Such vignettes are upsetting to watch, though the D’Innocenzo Brothers depict them with a freshness that we feel compelled to watch … until their pattern of reductive negativity grows wearying. As “Bad Tales” unfolds, it becomes clear that they are serving up pessimistic impressions of childhood with little sense of continuity. Dennis buys a metal detector from a yard sale but never uses it; Geremia watches his German shepherd carted off to be put down but never refers to the incident; a neighbor named Ada (Laura Borgioli) arranges to lose her virginity, then disappears from the film.

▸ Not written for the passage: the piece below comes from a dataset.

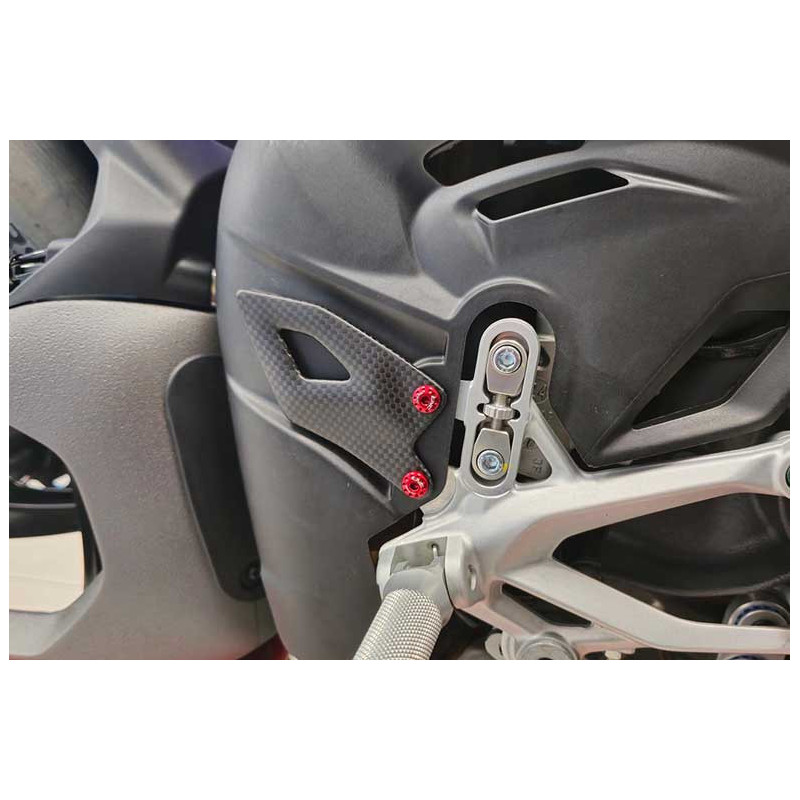 KIT PROTÈGE-TALONS DUCATI PANIGALE V4 2025+ - CARBONE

If these incidents are warping the kids, the impact is as ambiguous as the time period — ostensibly the 1980s or ’90s, judging by costumes and home furnishings, although anachronistic camera phones suggest a more contemporary setting. As for the adults, on more than one occasion, the D’Innocenzos stick their camera right up against one of the actors’ teeth, rendering them grotesque and gargoyle-like. So, while cinematographer Paolo Carnera lovingly captures the look and feel of an idyllic Italian summer, the film’s characters remain almost universally unpleasant. For a tragedy to register as tragic, we typically have to feel some emotional connection to the victim(s), whereas “Bad Tales” lacks a clear point of view, surveying all of its characters with a degree of contempt.